Pottier won Bordeaux–Paris in 1903 before turning professional. He came second in Paris–Roubaix 1905 and Bordeaux–Paris 1905, then third in 1906’s Paris–Roubaix, before winning theTour de France in 1906.
He was considered the finest climber of the Tour. In the 1905 Tour de France he was first up the Ballon d’Alsace but lost the lead to Hippolyte Aucouturier after nails punctured his final spare tyre. He finished the stage only when Aucouturier gave him one of his spare tyres. Injury due to a fall on the next stage to Grenoble caused him to abandon.

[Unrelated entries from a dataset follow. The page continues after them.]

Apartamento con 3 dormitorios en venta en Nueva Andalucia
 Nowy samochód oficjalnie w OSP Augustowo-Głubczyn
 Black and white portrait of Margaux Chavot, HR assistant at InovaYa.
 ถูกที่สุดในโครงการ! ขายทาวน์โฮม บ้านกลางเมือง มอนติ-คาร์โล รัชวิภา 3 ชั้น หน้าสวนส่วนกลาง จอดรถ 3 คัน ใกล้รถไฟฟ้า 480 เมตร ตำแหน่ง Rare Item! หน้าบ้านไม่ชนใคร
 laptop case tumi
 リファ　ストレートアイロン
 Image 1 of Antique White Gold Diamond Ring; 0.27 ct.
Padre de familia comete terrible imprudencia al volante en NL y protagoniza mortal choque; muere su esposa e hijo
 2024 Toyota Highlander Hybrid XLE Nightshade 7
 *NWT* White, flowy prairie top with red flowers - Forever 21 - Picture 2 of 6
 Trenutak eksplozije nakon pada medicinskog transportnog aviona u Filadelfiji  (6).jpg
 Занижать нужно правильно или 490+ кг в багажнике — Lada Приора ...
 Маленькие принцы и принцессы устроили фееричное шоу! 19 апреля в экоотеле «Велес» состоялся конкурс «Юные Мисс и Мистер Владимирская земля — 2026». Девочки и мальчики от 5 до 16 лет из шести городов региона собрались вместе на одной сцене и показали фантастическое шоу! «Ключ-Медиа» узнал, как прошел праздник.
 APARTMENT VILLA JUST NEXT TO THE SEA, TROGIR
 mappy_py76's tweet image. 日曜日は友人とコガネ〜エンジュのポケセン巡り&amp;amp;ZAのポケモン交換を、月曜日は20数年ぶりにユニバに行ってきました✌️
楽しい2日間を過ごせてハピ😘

The following year he took five stage wins out of thirteen and overall victory with 31 points. Again he was first up the Ballon d'Alsace but this time he stayed ahead, finishing as Dijon 48 minutes before his nearest competitor. He also won in Grenoble by fifteen minutes and at Nice by 26 minutes. He completed the 2,824.75 miles in 189 hours, 34 minutes at an average 14.90 mph.
In September 1906 he won the Bol d'Or 24 hour cycle race at the Buffalo Velodrome in Paris with 574.95 miles.
On 25 January 1907 he committed suicide by hanging himself on his bike hook after hearing his wife had found a lover while he was away at the Tour.